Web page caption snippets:
================

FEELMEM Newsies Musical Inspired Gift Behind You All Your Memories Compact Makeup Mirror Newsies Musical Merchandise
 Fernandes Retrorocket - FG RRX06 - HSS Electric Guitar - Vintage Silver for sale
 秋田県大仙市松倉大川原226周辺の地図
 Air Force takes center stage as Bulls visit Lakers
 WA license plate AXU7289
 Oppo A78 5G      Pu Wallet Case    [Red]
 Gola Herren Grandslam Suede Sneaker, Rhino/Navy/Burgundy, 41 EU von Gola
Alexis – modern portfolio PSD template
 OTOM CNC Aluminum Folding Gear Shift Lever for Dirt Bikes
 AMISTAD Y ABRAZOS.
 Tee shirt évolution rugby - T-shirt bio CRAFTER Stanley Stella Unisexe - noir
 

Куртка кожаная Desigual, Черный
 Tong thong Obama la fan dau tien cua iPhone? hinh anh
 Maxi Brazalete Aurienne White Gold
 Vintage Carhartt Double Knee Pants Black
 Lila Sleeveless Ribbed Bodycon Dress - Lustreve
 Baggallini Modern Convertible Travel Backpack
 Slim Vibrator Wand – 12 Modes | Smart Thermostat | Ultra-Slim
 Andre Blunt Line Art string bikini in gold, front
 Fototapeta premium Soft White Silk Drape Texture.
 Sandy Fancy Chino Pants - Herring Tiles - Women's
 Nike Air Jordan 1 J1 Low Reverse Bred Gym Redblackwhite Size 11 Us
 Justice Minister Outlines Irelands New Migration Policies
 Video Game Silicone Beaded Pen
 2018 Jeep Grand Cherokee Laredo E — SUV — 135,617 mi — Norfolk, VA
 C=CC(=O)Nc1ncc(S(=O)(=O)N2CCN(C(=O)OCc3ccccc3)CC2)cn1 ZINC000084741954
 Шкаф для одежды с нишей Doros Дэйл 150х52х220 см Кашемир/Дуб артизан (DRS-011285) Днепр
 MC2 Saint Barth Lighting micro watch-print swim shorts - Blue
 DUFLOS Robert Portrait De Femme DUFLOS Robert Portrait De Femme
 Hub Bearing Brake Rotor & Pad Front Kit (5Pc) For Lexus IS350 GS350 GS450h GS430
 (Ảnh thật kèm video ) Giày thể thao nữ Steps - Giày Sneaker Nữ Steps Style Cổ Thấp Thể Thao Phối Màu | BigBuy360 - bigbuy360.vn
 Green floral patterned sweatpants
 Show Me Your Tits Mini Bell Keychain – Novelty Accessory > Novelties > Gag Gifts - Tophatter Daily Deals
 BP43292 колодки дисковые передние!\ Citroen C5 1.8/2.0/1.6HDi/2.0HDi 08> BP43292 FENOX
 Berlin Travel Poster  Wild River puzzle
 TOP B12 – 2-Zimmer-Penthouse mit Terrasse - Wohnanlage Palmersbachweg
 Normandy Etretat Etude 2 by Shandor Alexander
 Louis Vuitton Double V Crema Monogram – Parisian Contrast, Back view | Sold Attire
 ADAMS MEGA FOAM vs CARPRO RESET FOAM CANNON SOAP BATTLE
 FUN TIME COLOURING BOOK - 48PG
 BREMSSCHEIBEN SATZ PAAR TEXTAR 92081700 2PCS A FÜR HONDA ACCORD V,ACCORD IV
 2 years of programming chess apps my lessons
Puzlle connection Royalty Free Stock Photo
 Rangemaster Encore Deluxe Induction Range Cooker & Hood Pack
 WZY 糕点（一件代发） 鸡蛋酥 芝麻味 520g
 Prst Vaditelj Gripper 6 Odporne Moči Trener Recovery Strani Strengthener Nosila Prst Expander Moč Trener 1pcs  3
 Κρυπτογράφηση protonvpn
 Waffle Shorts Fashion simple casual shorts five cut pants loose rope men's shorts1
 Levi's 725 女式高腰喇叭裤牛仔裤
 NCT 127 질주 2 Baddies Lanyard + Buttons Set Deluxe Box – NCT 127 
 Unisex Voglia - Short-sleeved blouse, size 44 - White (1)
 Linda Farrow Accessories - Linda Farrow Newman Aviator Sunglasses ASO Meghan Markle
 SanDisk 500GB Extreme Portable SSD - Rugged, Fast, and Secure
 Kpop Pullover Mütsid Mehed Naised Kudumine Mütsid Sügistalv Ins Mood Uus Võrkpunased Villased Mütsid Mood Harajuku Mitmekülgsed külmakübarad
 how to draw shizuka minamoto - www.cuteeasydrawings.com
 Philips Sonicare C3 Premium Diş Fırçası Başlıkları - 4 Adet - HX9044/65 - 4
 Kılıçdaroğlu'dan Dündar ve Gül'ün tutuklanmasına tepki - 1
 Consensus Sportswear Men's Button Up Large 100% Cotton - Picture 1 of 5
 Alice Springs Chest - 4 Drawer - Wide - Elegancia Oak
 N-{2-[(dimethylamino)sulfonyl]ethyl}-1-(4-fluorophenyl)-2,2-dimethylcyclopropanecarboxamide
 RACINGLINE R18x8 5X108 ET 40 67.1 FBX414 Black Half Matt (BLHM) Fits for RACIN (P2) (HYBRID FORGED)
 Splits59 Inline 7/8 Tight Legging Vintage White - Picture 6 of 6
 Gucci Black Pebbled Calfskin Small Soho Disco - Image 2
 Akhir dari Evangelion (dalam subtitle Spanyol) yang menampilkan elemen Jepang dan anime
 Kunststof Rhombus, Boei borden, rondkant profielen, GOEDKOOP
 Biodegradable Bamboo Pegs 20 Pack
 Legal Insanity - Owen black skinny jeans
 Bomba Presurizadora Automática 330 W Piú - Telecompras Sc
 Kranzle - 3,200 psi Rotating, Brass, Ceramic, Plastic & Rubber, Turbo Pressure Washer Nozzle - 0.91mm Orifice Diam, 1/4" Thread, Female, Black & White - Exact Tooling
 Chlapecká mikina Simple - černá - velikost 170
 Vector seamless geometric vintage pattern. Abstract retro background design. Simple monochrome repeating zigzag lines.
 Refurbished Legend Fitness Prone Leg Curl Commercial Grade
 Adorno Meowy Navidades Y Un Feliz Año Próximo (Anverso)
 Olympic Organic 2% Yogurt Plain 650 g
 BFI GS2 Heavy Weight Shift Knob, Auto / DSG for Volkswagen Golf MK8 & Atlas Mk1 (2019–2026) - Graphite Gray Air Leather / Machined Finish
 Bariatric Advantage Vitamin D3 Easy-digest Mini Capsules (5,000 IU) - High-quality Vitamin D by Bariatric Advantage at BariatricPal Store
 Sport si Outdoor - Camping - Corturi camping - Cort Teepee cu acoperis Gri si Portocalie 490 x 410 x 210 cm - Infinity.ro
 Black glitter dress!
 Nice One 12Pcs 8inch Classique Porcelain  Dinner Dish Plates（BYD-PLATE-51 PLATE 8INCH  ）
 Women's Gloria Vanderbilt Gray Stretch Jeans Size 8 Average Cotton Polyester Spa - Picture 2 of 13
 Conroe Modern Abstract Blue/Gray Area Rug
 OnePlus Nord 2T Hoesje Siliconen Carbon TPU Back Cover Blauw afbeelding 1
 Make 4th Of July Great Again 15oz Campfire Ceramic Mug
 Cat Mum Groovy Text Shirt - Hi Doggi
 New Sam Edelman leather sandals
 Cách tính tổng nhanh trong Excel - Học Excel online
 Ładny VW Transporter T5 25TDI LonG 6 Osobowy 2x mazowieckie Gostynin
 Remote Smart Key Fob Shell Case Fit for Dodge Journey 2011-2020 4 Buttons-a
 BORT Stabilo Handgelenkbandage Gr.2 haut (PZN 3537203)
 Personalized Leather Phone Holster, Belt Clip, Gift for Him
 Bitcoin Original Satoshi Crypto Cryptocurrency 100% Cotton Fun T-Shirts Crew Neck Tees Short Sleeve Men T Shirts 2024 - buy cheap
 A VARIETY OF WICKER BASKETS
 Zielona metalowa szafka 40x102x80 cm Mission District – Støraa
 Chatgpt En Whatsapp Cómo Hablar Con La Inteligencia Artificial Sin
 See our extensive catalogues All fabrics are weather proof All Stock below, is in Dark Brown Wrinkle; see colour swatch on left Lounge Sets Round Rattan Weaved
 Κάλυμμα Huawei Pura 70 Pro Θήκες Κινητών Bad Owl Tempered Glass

================

§ Your instructions:
All that is wanted is a faithful reproduction of the line above with "Gola Herren Grandslam", the line with "BP43292 колодки дисковые", and every line in between.

§ Written solution:
 Gola Herren Grandslam Suede Sneaker, Rhino/Navy/Burgundy, 41 EU von Gola
Alexis – modern portfolio PSD template
 OTOM CNC Aluminum Folding Gear Shift Lever for Dirt Bikes
 AMISTAD Y ABRAZOS.
 Tee shirt évolution rugby - T-shirt bio CRAFTER Stanley Stella Unisexe - noir
 

Куртка кожаная Desigual, Черный
 Tong thong Obama la fan dau tien cua iPhone? hinh anh
 Maxi Brazalete Aurienne White Gold
 Vintage Carhartt Double Knee Pants Black
 Lila Sleeveless Ribbed Bodycon Dress - Lustreve
 Baggallini Modern Convertible Travel Backpack
 Slim Vibrator Wand – 12 Modes | Smart Thermostat | Ultra-Slim
 Andre Blunt Line Art string bikini in gold, front
 Fototapeta premium Soft White Silk Drape Texture.
 Sandy Fancy Chino Pants - Herring Tiles - Women's
 Nike Air Jordan 1 J1 Low Reverse Bred Gym Redblackwhite Size 11 Us
 Justice Minister Outlines Irelands New Migration Policies
 Video Game Silicone Beaded Pen
 2018 Jeep Grand Cherokee Laredo E — SUV — 135,617 mi — Norfolk, VA
 C=CC(=O)Nc1ncc(S(=O)(=O)N2CCN(C(=O)OCc3ccccc3)CC2)cn1 ZINC000084741954
 Шкаф для одежды с нишей Doros Дэйл 150х52х220 см Кашемир/Дуб артизан (DRS-011285) Днепр
 MC2 Saint Barth Lighting micro watch-print swim shorts - Blue
 DUFLOS Robert Portrait De Femme DUFLOS Robert Portrait De Femme
 Hub Bearing Brake Rotor & Pad Front Kit (5Pc) For Lexus IS350 GS350 GS450h GS430
 (Ảnh thật kèm video ) Giày thể thao nữ Steps - Giày Sneaker Nữ Steps Style Cổ Thấp Thể Thao Phối Màu | BigBuy360 - bigbuy360.vn
 Green floral patterned sweatpants
 Show Me Your Tits Mini Bell Keychain – Novelty Accessory > Novelties > Gag Gifts - Tophatter Daily Deals
 BP43292 колодки дисковые передние!\ Citroen C5 1.8/2.0/1.6HDi/2.0HDi 08> BP43292 FENOX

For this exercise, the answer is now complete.